S'agissant des plantations, il existe trois arbres, des érables sycomores, en limite de propriété, placés à moins de deux mètres de la limite et dont la hauteur excède deux mètres ; il faut pour l'acquisition de la prescription que l'implantation et la hauteur de plus de deux mètres soient établis depuis plus de trente ans. Ils soutiennent que le carottage pratiqué par un professionnel, le 6 février 2023, permet d'établir que ces arbres ont environ 46 ans et sont donc présents depuis un temps couvrant le délai de prescription. Cette évaluation est complétée par des attestations.
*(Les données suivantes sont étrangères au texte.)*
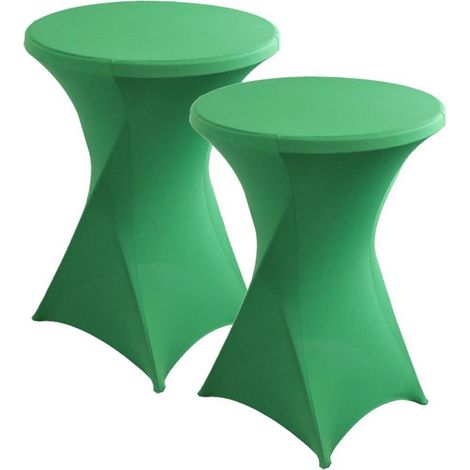 Stretch Stehtischhussen 2er Set Grün Ø 80-85 cm Spandex Hussen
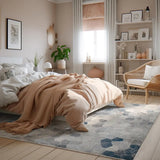 4' X 6' Navy Blue Cobblestone Pattern Area Rug - Homeroots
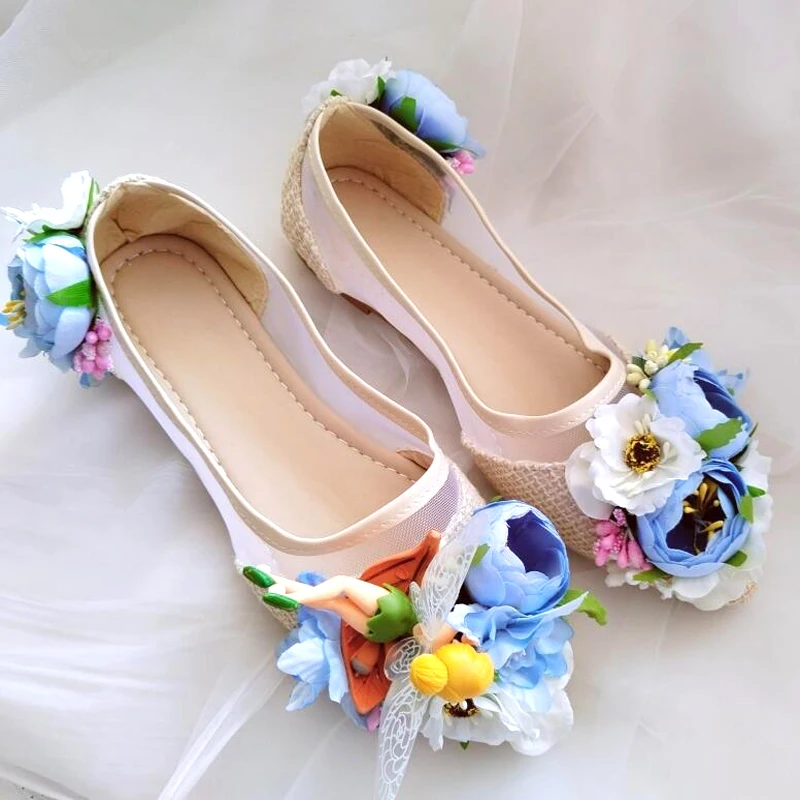 

Bridal Cute Angle with 3D Flowers Flats loafer Shoes Mesh Patchwork Pointed Toe Slip On Woman Lolita Single Shoes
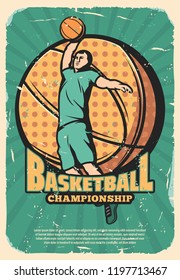 Basketball game league retro poster with player and leather ball. Vintage brochure for sport championship or tournament and team activity, jumping sportsman in sportswear shabby leaflet vector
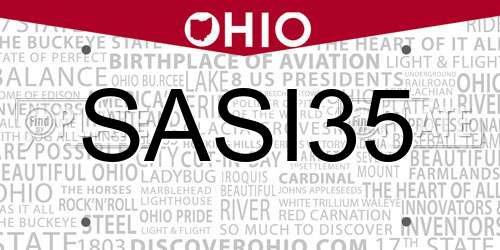 SASI35 Ohio License Plate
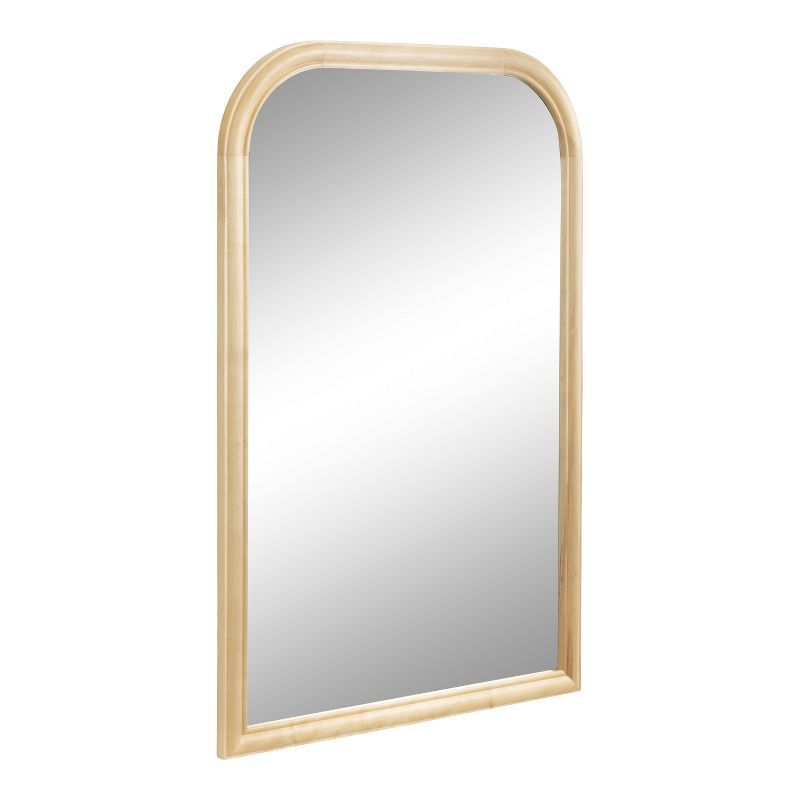 Natural Wood Arched Wall Mirror with Rounded Frame, 24 x 36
Le moyen soulevé est dès lors sérieux.

S'agissant de la clôture, son sort est stable depuis cinquante ans comme le démontre le bornage, même s'il ne conteste pas l'existence d'un léger empiétement sur la propriété de Mme [Z].

Ils font valoir que l'arrachage des arbres et la destruction de la clôture emporterait des conséquences manifestement excessives voire irréversibles pour les érables.

Par conclusions notifiées le 7 juin 2023 soutenues à l'audience, Mme [L] [Z] demande à la juridiction, au visa de l'article 514-3 du code de procédure civile, de :

- débouter M. et Mme [I] de leur demande d'arrêt de l'exécution provisoire,

- condamner in solidum M. et Mme [I] à lui payer la somme de 2 000 euros à titre de dommages et intérêts pour procédure abusive et de 3 000 euros sur le fondement de l'article 700 du code de procédure civile et aux dépens,

- débouter M. et Mme [I] de leurs demandes plus amples et contraires.

Elle soutient que les conditions d'arrêt de l'exécution provisoire ne sont pas remplies :

- à titre liminaire, l'action entreprise n'a pas d'intérêt puisque l'astreinte ne court qu'aux termes des 60 jours fixés par le tribunal et qu'elle ne dispose pas des moyens lui permettant l'exécution à ses frais avancés de la décision ;

- elle se réfère au rapport de l'expert judiciaire ayant procédé aux mesures de sa propriété pour fixer la limite séparative et mettre en évidence à la fois l'empiétement de la clôture et les conditions de l'implantation non conforme des arbres.

Elle développe amplement le débat au fond sur les limites séparatives des fonds pour contester l'existence d'arbres désormais protégés par la prescription et obtenir la destruction de la clôture localisée sur son terrain. Il est renvoyé sur ces développements aux conclusions notifiées.

Elle fait valoir que M. et Mme [I] n'ont pas fait d'observation sur l'exécution provisoire en première instance et que dès lors, les conséquences manifestement excessives encourues devant être démontrées par les demandeurs sont exclusivement celles qui se sont révélées postérieurement à la décision critiquée.

En l'absence de circonstances nouvelles, M. et Mme [I] seront déboutés.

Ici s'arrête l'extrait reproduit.